By transitioning 888’s identity to Evoke, the board aligns with the objectives outlined in the firm’s Value Creation Plan (VCP), a strategy aimed at restructuring the group’s operating model to achieve sustainable profitability. Spearheaded by new CEO Per Widerström, who assumed leadership in October, the VCP strategy targets the elimination of inefficiencies and enhancement of financial performance accountability.

Key objectives of the VCP include achieving $37,6 million in annual cost savings. Additionally, Evoke anticipates revenue growth to resume on a year-on-year basis from the second quarter of 2024 onwards, with full-year revenue growth projected to align with the mid-term target of 5-9% annual growth.

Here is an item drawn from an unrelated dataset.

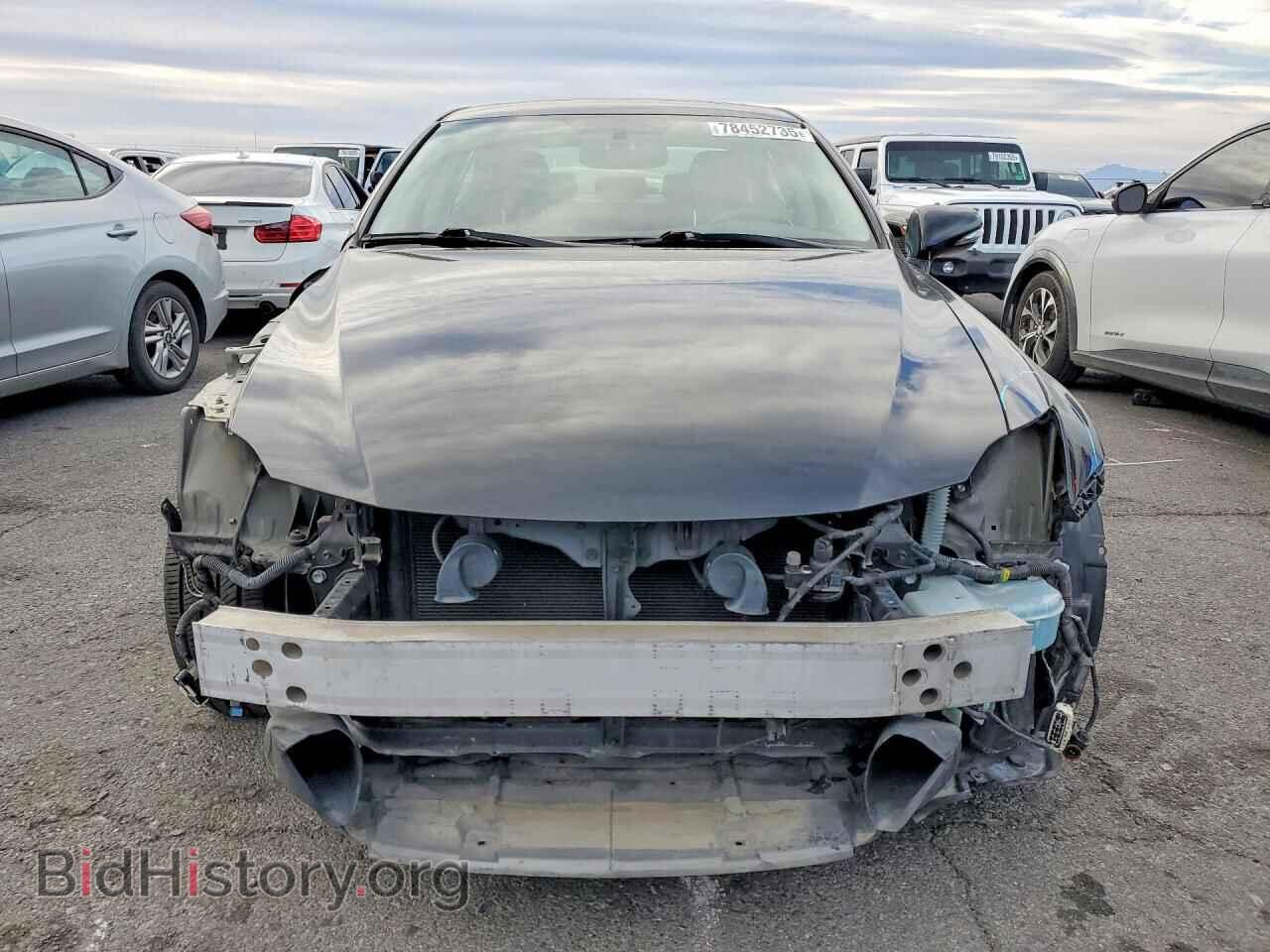 2011 LEXUS IS - VIN: JTHCF5C20B5050259 - Photo 5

In pursuit of performance-driven goals, Evoke aims to regain market share growth in key regions such as the UK, Italy, Spain, and Denmark. The initial steps of the VCP strategy involved terminating the US-facing SI sportsbook with Authentic Brands Group, with a closure agreement valued at $50 million.

While Q1 trading results showed promising group revenues of $541,1 million, surpassing the guidance range of $527–539 million, concerns persist regarding the performance of William Hill’s retail unit. The unit reported continued revenue declines of -7%, attributed to organizational restructuring and reduction of UK estates.

Evoke concluded Q1 trading by announcing the refinancing of $502 million of senior secured debt notes, a transaction aimed at supporting the VCP objectives of deleveraging the firm’s debt ratio to 3.5x by the end of 2026 trading.